1. Inline: Add // gate-ignore comment on the line
2. File-level: Add the path to .gateignore
3. Rule-scoped: Add [rule:rule-id] path/pattern to .gateignore

How do I lower the sensitivity for entropy detection?

Increase the threshold in .gaterc:

entropy_threshold: 5.0   # Default is 4.8

Can I add custom detection rules?

Yes. Add rules to your .gaterc file with a regex pattern, severity, and remediation text. See Configuration.

Why did Gate detect my test fixtures?

Gate scans all files unless told to skip them. Add test fixture directories to .gateignore:

test/fixtures/**
*.test.js

Hooks

How do I skip the pre-commit hook temporarily?

GATE_SKIP=1 git commit -m "message"

The hook blocked my commit but the secret is intentional. What do I do?

Add the specific rule and file to .gateignore:

[rule:high-entropy-string] src/crypto/test-vectors.js

Gate says "not found" when I commit. What happened?

If Node.js is not in PATH when the hook runs, Gate exits with an error. Set GATE_NODE_PATH to your Node binary, or set GATE_ALLOW_MISSING=1 to bypass (not recommended).

Does Gate support Husky or lint-staged?

Yes. Gate checks git config core.hooksPath and installs hooks in the correct directory. If you use Husky, Gate installs alongside it.

Auto-Fix

Will gate fix break my code?

Gate creates a snapshot before fixing. If something goes wrong, run gate fix --undo to restore. Always review changes before committing. Use gate fix --dry-run to preview.

What if the same secret is in multiple files?

Gate fixes each occurrence. The .env variable is written once and referenced everywhere.

Does auto-fix work with monorepos?

Yes. Gate scans from the repository root and creates a single .env file.
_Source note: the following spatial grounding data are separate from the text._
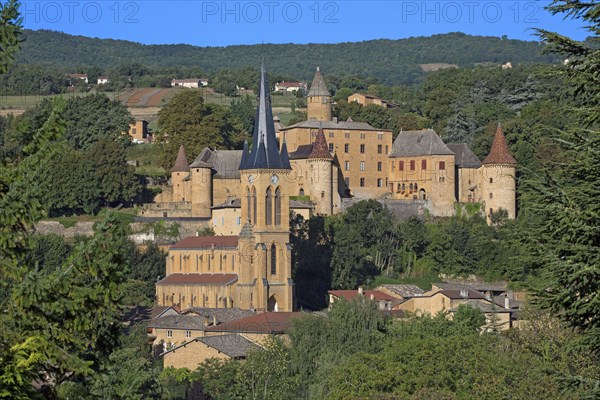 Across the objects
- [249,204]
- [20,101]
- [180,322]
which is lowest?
[180,322]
For monorepos with multiple .env files, use gate fix --interactive to control placement.

Security

Is the vault encryption production-grade?

The vault uses AES-256-GCM with NIST-recommended 12-byte IVs and authenticated encryption. The key is a 256-bit random key stored with 0600 permissions. This is suitable for local development secrets. For production secrets management, use a dedicated solution like HashiCorp Vault, AWS Secrets Manager, or similar.

Can someone tamper with the detection rules?

The rules.json file has an HMAC-SHA256 signature verified at runtime. The default signing key is derived from public package metadata (integrity detection, not tamper-proof). For production deployments, set FORTRESS_SIGNING_KEY to a secret value.

Does Gate send my secrets anywhere?

No. Gate runs 100% locally. The --verify flag makes read-only API calls directly from your machine to provider endpoints (AWS, GitHub, Stripe, etc.) -- no data passes through Gate servers.